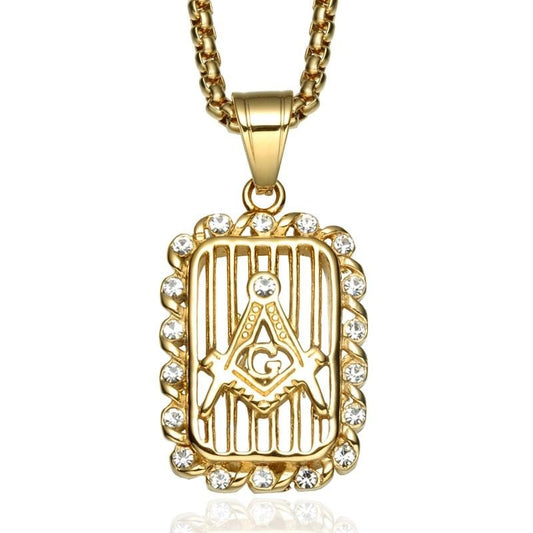 Paved Crystal Square Freemason Bling Stainless Steel Hip-hop Pendant Necklace-Necklaces-Innovato Design-Gold-Innovato Design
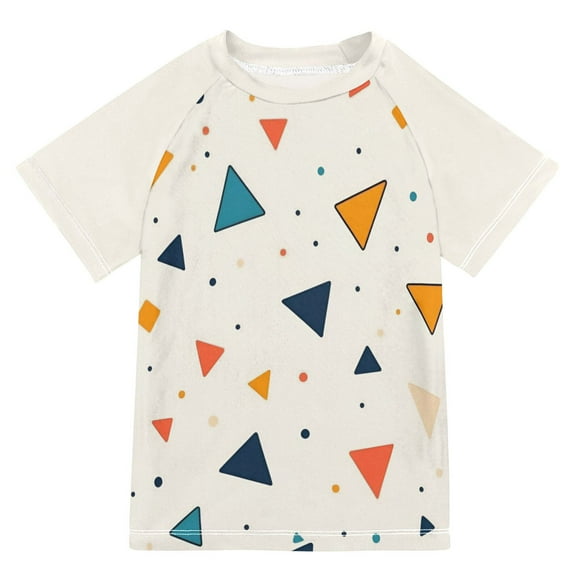 FORMRS Boys Rash Guard Short Sleeves Swim Shirt Quick Dry UPF 50  Sun Protection, Sizes 3-12T, Beige Simple Shapes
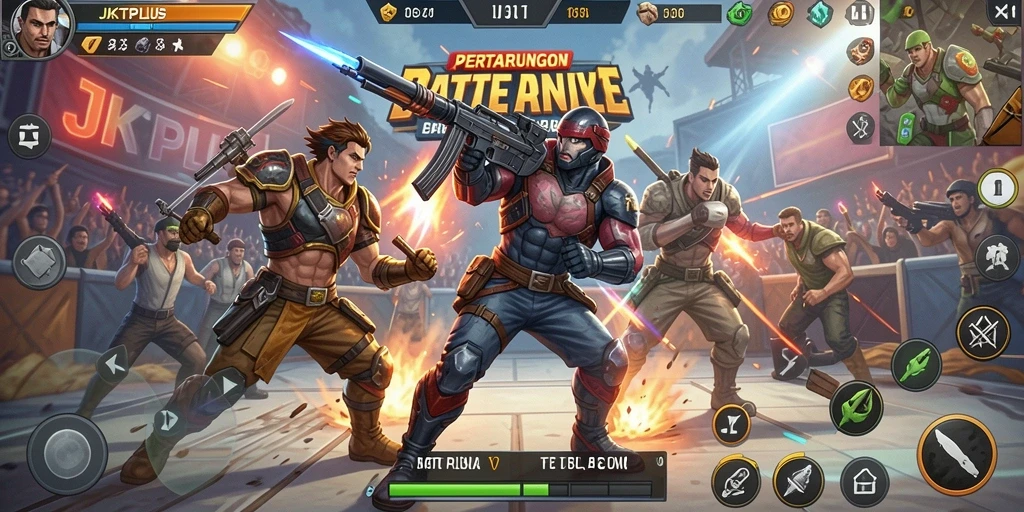 Gameplay JKTPLUS yang seru dan penuh aksi dalam Battle Royale.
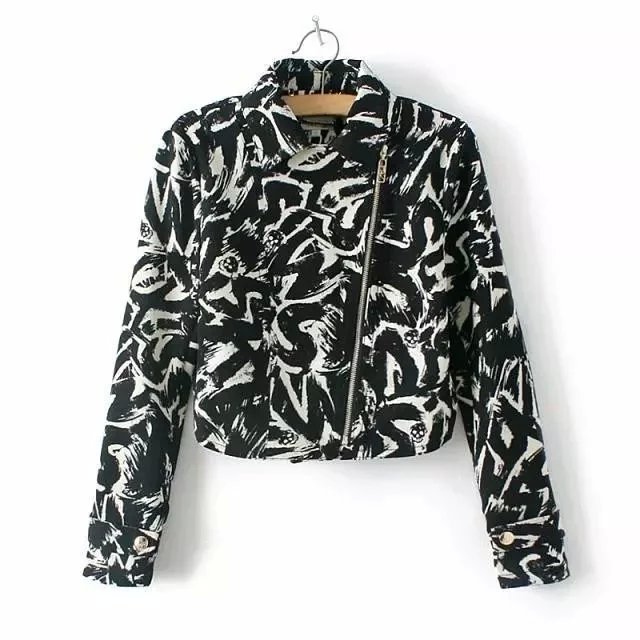 Fashion Women punk style black Print Jacket long sleeve zipper turn-down collar vintage casual jaqueta feminina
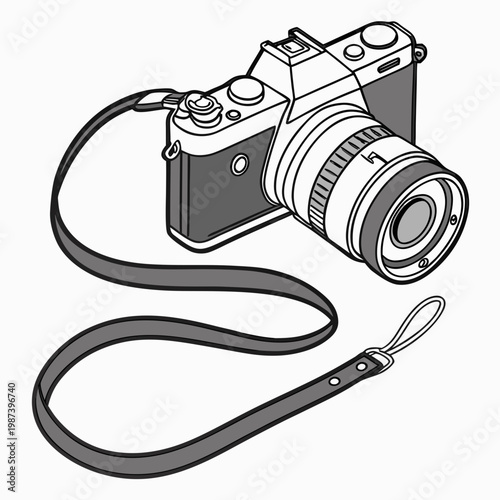 A detailed line drawing depicts a vintage rangefinder camera with a strap and accompanying wrist cord for secure handling high quality professional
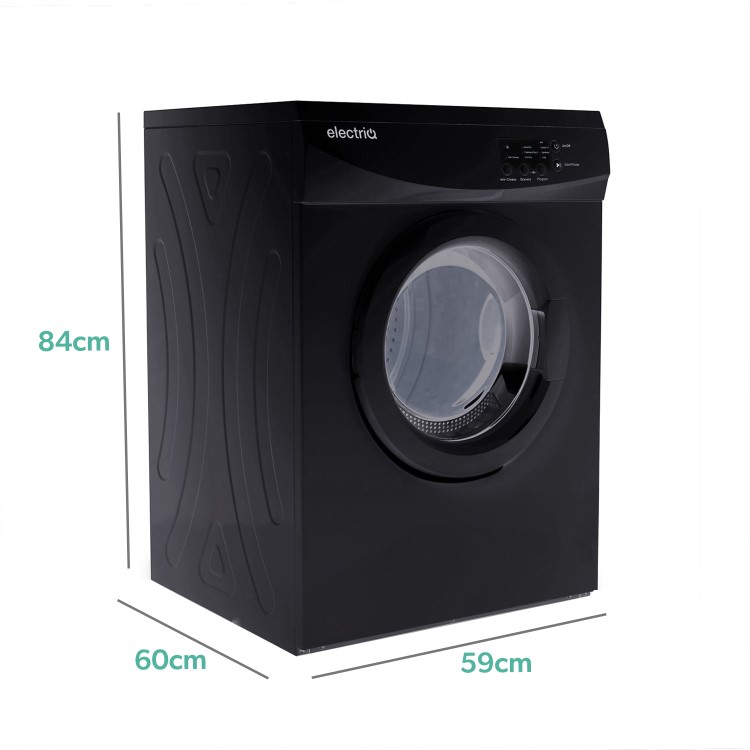 electriQ 7kg Vented Tumble Dryer - Black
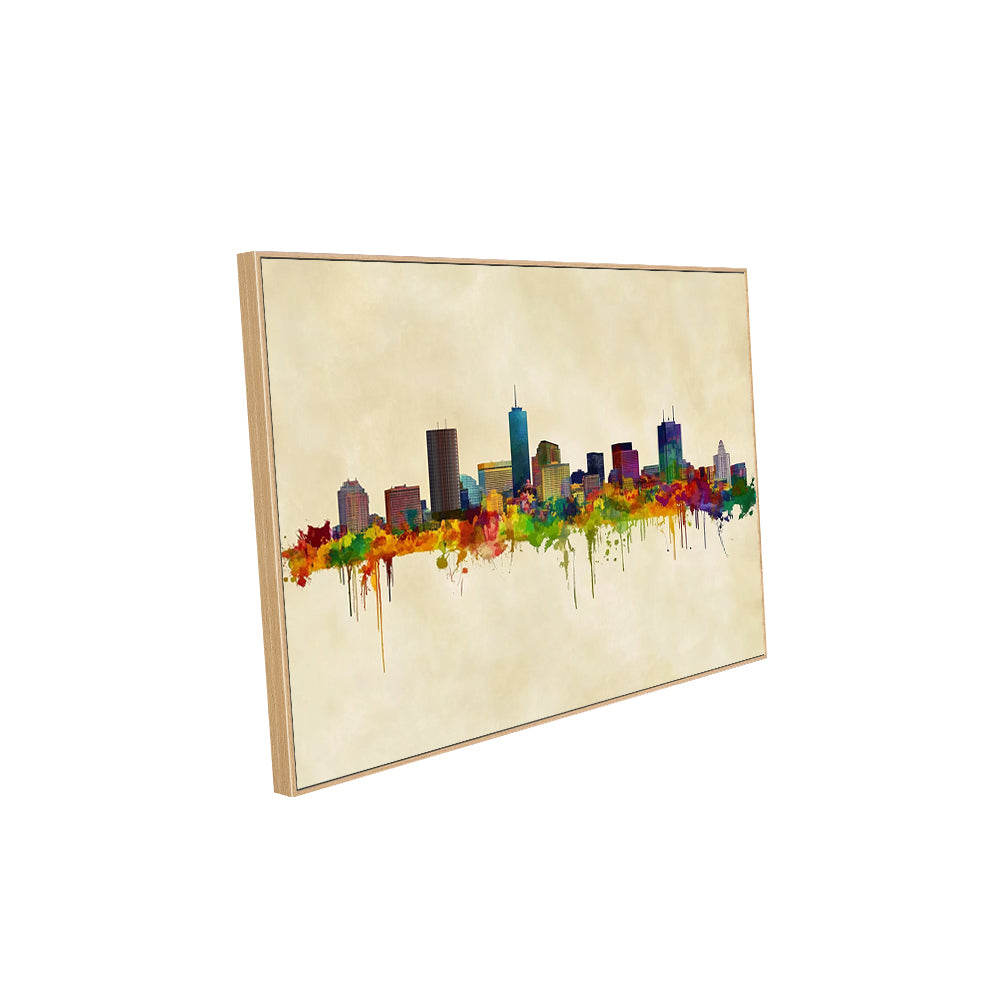 Vibrant City Skyline Watercolor Canvas Wall Art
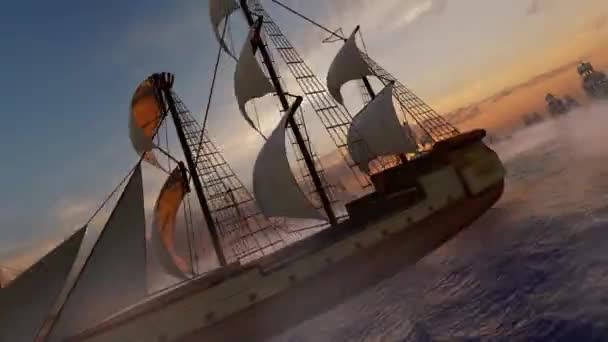 舰队在日落时出发了 — 图库视频影像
▬▬▬▬▬▬
## [Problem description]
Please retype the entries above word for word, but only from the line containing "Fashion Women punk" through the last line, and without the pictures.

## [Reply]
 Fashion Women punk style black Print Jacket long sleeve zipper turn-down collar vintage casual jaqueta feminina
 A detailed line drawing depicts a vintage rangefinder camera with a strap and accompanying wrist cord for secure handling high quality professional
 electriQ 7kg Vented Tumble Dryer - Black
 Vibrant City Skyline Watercolor Canvas Wall Art
 舰队在日落时出发了 — 图库视频影像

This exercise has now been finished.